Minor Feelings: An Asian American Reckoning Page 38

    “That’s because she was crazy,” Erin said.

“Well, yes,” I said, “but you spent all your waking hours with her. Surely you must have memories of you guys just hanging out. Or profound conversations you had about art? That would be great.”

“You know my memory sucks,” Erin said. “We were in that Heidegger independent studies group. Remember that?”

“That was awful,” I groaned.

“I don’t think so. It was beautiful how serious we were about improving our intellect.”

I recall Helen, Erin, and myself sitting at Campus Diner, struggling through Being and Time. I felt anxious and claustrophobic at the time. As Helen and Erin were pontificating about Dasein, I thought, We have no clue what any of this means.

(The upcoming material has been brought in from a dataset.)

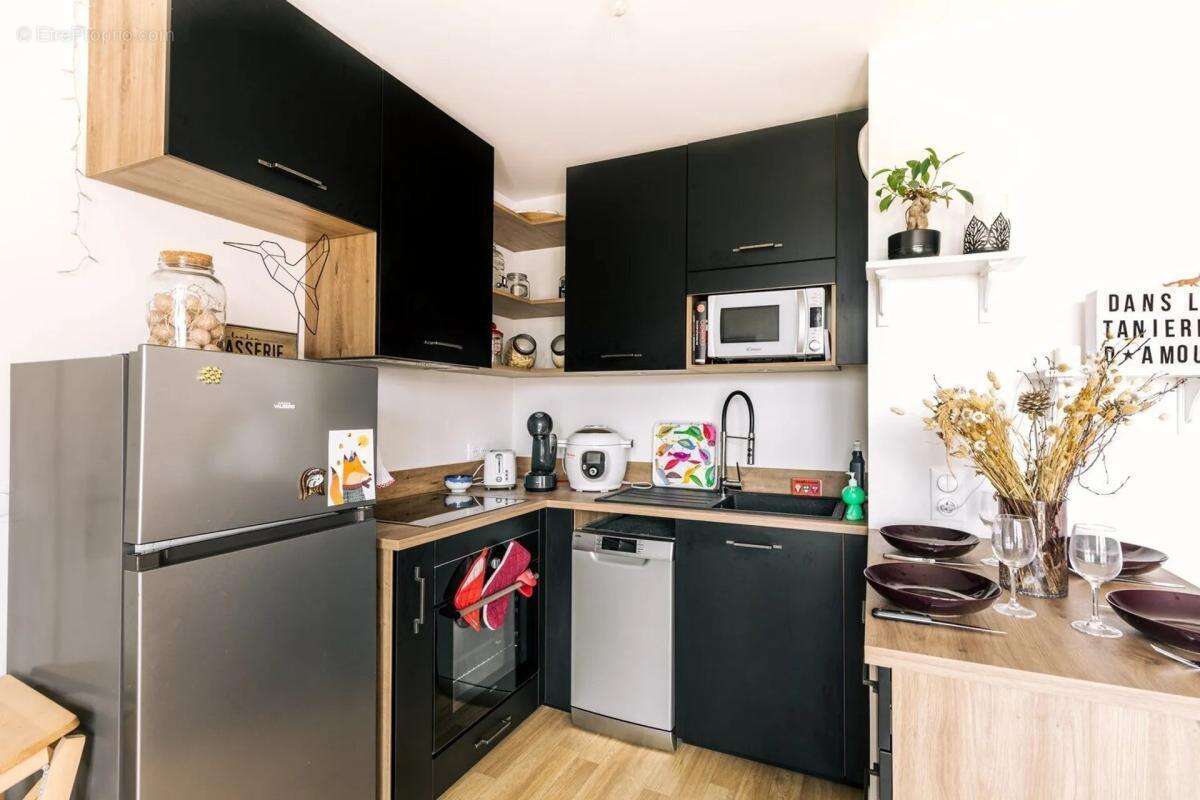 Appartement à VILLEPINTE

“Do you remember anything else?” I asked.

“I don’t know,” said Erin. “You spent as much time with her as I did.”

“No, I didn’t. I was always the third wheel.”

“I doubt that. Helen was intimidated by you.”

“Please.”

“We knew what we wanted to be,” Erin said. “She didn’t know who she was.”

“I mean, she did move around a lot.”

“She had no culture,” said Erin, “so she took from other people’s cultures.”

“You know, I don’t think she ever lost her shit around her white friends.”

“Yeah, well,” Erin said ruefully, “we were family.”

* * *

    In truth, I was too neurotic for art. I was frustrated I couldn’t translate the image in my mind into an art object. With poetry, I didn’t have to realize the image as anything else but as that idea on the page. In fact, I began writing poetry as an ekphrastic description of all my irreproducible art. The lyric was the pure possibility of what my art could be if I had infinite resources to not merely build an object, but create a world.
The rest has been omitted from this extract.